__Description of the task__.
Look through the material below and copy exactly the lines from the line with "2015 NLM Motor" to the line with "Уроки игры на гитаре и укулеле", those two lines included.

__Data supplied__.
________________________

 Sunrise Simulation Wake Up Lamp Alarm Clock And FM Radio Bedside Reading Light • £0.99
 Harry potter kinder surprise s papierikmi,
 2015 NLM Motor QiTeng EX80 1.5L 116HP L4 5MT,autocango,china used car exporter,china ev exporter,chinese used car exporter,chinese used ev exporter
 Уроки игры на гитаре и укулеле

________________________

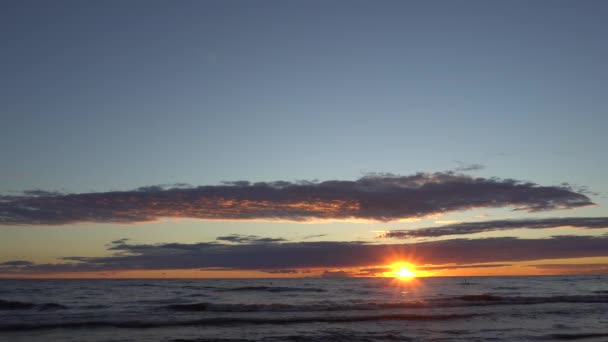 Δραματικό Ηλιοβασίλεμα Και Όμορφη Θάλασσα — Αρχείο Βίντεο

________________________

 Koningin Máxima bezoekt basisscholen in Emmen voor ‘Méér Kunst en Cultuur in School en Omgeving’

________________________

__Solution to the exercise__.
 2015 NLM Motor QiTeng EX80 1.5L 116HP L4 5MT,autocango,china used car exporter,china ev exporter,chinese used car exporter,chinese used ev exporter
 Уроки игры на гитаре и укулеле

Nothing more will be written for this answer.